## Task details:
Return nothing but the lines from the one with "Große rosa Katze" through the one with "5UX43EX08R9S67874 - 2024" in the data below, word for word and without pictures.

## Materials provided:
· · · · ·

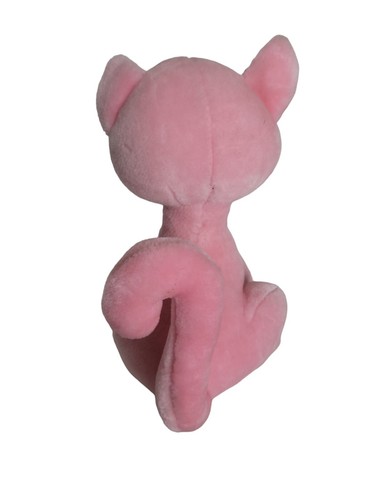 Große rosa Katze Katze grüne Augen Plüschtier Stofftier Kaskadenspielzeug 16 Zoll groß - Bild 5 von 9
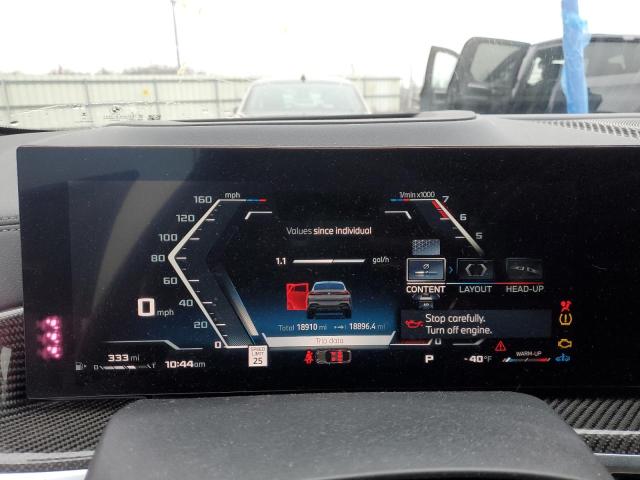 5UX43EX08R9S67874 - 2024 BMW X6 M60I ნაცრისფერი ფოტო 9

· · · · ·

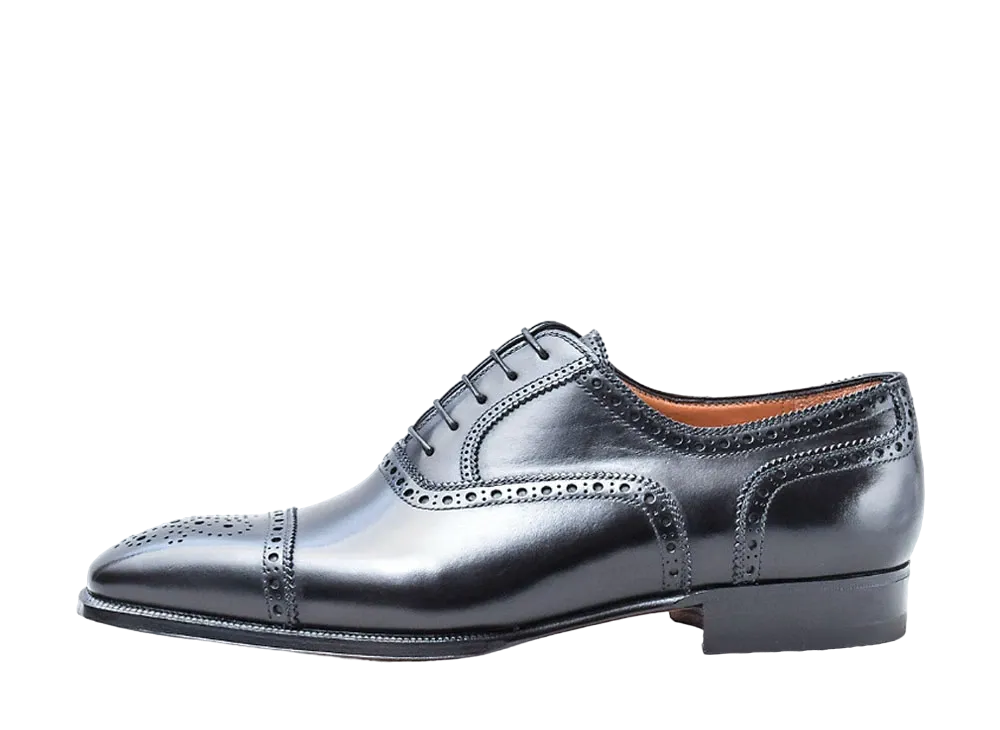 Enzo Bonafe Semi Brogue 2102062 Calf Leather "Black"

· · · · ·

## Response area:
 Große rosa Katze Katze grüne Augen Plüschtier Stofftier Kaskadenspielzeug 16 Zoll groß - Bild 5 von 9
 5UX43EX08R9S67874 - 2024 BMW X6 M60I ნაცრისფერი ფოტო 9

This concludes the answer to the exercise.